Techniques de dragues par Alain Soral

Sociologie du dragueur n’est pas seulement un essai sur le dragueur. Il contient aussi des passages purement techniques. Je ne résiste pas à l’envie de vous en citer quelques extraits précis que je m’exercerai à commenter et surtout à mettre en relation avec ma vision de la séduction.

Premièrement, il est important de savoir que Alain Soral a effectué son chemin de dragueur durant les années 70 et 80. Soit juste après la révolution sexuelle et avant l’apparition du Sida.

Une période bénite pour la drague de rue et pour les relations sexuelles en général. Il faut donc par conséquent remettre de nombreuses idées et pratiques dans leur contexte.

Aujourd’hui, d’après moi la population citadine est globalement un peu plus stressée et méfiante. Donc, de nombreuses techniques plutôt osées, énoncées dans le livre seraient difficilement réutilisables de nos jours. J’ai fait ici une sélection des idées que je trouve les plus intéressantes et en accord avec ma philosophie de drague.

 

« Comment aller au-devant des filles tout en leur faisant croire qu’on n’a pas besoin d’elles ?

D’abord en leur donnant l’illusion qu’il ne s’agit pas d’un besoin mais d’une envie. Pour ce faire, le désir du dragueur sera franc et enjoué : pas de voix tremblante, d’œil révulsé, de mains moites d’adolescent en manque ; vous n’êtes pas là pour prendre, vous êtes là pour donner.
Envie qui devra s’exprimer avec l’aisance nonchalante de celui qui a le choix. L’idée que les belles filles courent les rues et qu’elles sont accueillantes doit envahir l’esprit de votre interlocutrice alors même que vous la sollicitez. »

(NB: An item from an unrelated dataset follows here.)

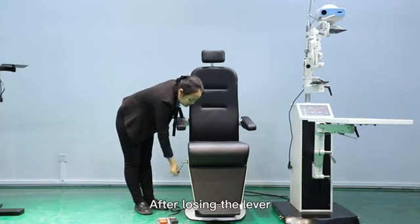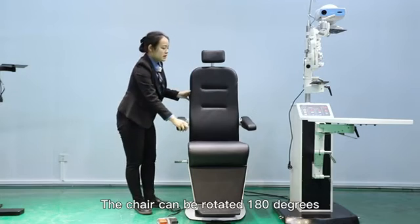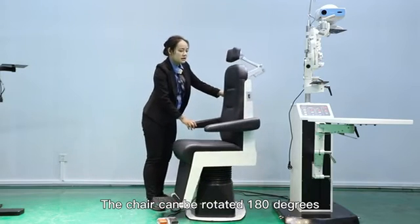After loosening the lever, the chair can be rotated 180 degrees.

Voilà une idée capitale que je partage à 100 %. Il est impératif d’intégrer cette croyance positive au sein de son mode de pensée. Vous ne devez jamais perdre d’esprit l’idée qu’il existe une abondance. Une abondance de filles en tout genre. Toutes plus magnifiques, sexy et ouvertes les unes que les autres. Dans une grande ville comme Paris, c’est une vérité qu’on pourrait qualifiée de mathématique.

Il faut aussi savoir que les filles ne supportent pas les mecs dont le manque se lit sur le visage. C’est comme une maladie vénérienne, il faut absolument le cacher, le camoufler.

Pour une fille, coucher avec un mec désespéré, c’est comme donner une pièce à un mendiant, l’honneur de la charité en moins. Autant dire, quelque chose de pas vraiment excitant, ni valorisant.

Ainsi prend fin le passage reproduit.